Stuffed Peppers

STUFFED PEPPERS

Ingredient Serves 6 Serves 12 Serves 18
Green peppers, medium 6 12 18
Ground beef 1 pound 2 pounds 3 pounds
Onions, chopped 1/3 cup 2/3 cup 1 cup
Oil 1 Tbsp 2 Tbsp 3 Tbsp
Tomatoes, stewed (chopped) 2 cups 4 cups 6 cups
Rice, instant 3/4 cup 1 1/2 cup 2 1/4 cup
Worcestershire sauce 2 Tbsp 4 Tbsp 6 Tbsp
Salt To taste To taste To taste
Pepper To taste To taste To taste
Cheese (sharp), grated 1 cup 2 cups 3 cups


Cut off tops of green peppers; remove seeds & membranes. Pre-cook pepper cups in boiling water about 5 minutes; drain.
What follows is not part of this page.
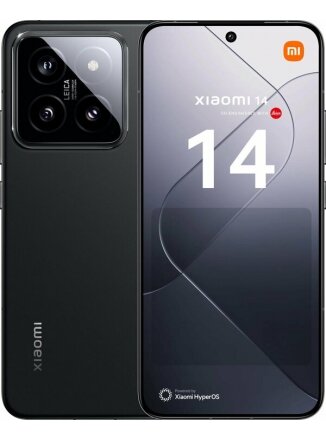 Смартфон Xiaomi 14 12/512 ГБ Global, черный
Sprinkle inside with salt.

Brown meat & onion in hot fat; add rice, tomatoes, Worcestershire sauce, salt & pepper to taste. Cover & simmer till rice is almost tender about 5 minutes. Add cheese.

(NOTE: I freeze at this point to store for future meals.)

Stuff peppers with meat mixture. Stand (6) upright in 10" x 6" x 1" baking dish. Bake uncovered at 350° for 25 minutes or till hot. Sprinkle with more cheese and return to oven for 5 minutes or till cheese is melted.